Ci lasciamo alle spalle Coral bay e il suo fantastico mare per raggiungere l’entroterra del WA, una zona piena di vecchie minerie che hanno fatto ricca la storia di questa regione. Partiamo la mattina per giungere al Karijini Natural Park quando la notte ormai la facieva da padrone. A dirla tutta non mi sono accorto di essermi sorbito altri 700 Km di perdute e talvolte polverose strade. Si, tanta tanta polvere, perchè il campeggio, dove avremmo trascorso i prossimi due giorni, dista 35 Km di rossa strada dalla statale asfaltata, e una volta raggiunto la nostra piazzola e quindi acceso le luci interne dell’abitacolo aprendo le porte, ci rendemmo conto della nebbia di polvere che respirammo per tutto l’ultimo tratto. Anche questa è australia. L’inverno, qui nell’interno, fa sentire maggiormente la sua presenza, e dovetti ricorrere al cappello di lana e doppia felpa, e come se non bastasse il cielo chiamava pioggia, tanta pioggia: impossibile accendere un fuoco e starsene li attorno a raccontarsela… non può essere tutto sempre perfetto
d’altronde! Questa zona è celebre per le famose gole che si susseguono una dietro l’altra, connesse tra di loro da cascate, laghetti e corsi d’acqua. Il nostro compito qui era di andare a visitare alcune tra le più famose gole e tentare di apprendere le profonde radici storiche che legano questi territori alle diverse tribù aborigene che da millenni vivono queste gole. Inutile dire che le leggende, i racconti e le memorie aborigene di cui queste terre sono impregnate, hanno un qualcosa di ilare e grottesco ma che nel contempo si porta un degno rispetto.
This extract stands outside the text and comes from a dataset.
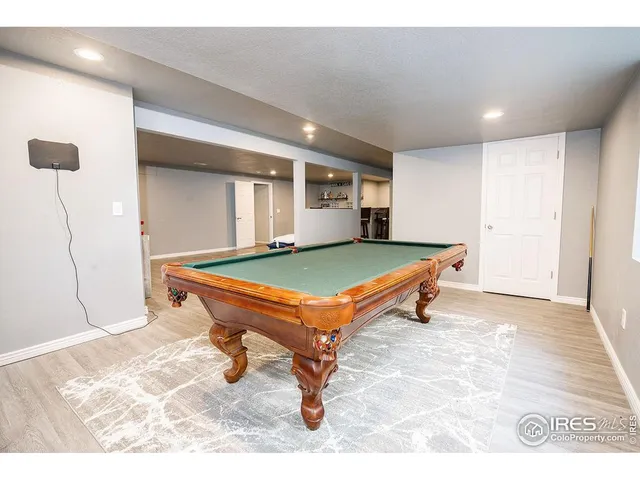 a room with wooden floor and pool table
Purtroppo piovve tutta la notte e il sole si intravedeva a difficoltà tra le dense nubi. La mattina ci ritardammo ad incamminarci proprio perchè la pioggia aveva reso il sentiero e le rocce troppe scivolose per scendere nella gola ed andare a vedere angoli incredibili della natura. Lasciando il buon senso e la coscienza nel sacchetto delle mutande e i calzini sporchi nel fondo dello zaino, io ed alcuni di noi ci facciamo coraggio a scendere la sdruciolevole parete rocciosa. Santi e madonne mi accompagnarono nella terribile discesa, maledicendo me stesso per aver indossato scarpe senza suola, e con molta calma raggiunsi il fondo della gola e quindi un primo laghetto naturale attorniato da alte pareti rocciose. Ebbene, tanta fatica per vedere una semplice risacca d’acqua? Certo che no! E malgrado la pioggia e i freddi refoli d’aria, decidemmo che una bella nuotata ci avrebbe allietato la giornata: e così, vestiti di sole mutande, ci tuffammo e, con tempi olimpionici, nuotammo verso l’altra sponda, che sponda non era, bensì una parete rocciosa che scalammo senza aver deciso di farlo. In cima trovammo un altro laghetto ed ancora un’atra parete che superammo per infine raggiungere la cascata che alimentava tutto il corso d’acqua: un massagio terapeutico al di sotto di essa era d’obbligo! Prima che perdessimo l’uso dei piedi e delle mani, decidemmo di ritornare sui nostri passi e raggiungere il campo base ma la via del ritorno si dimostrò più ardua quanto pericolosa dell’andata: era tutto dannatamente scivoloso e in più di un’occasione dovetti lottare aspramente contro la gravità per rimanere tutto d’un pezzo! Ah com’è vero quella simpatica canzoncina australiana che dice che in oz ti potrebbe capitare accidentalmente di morire!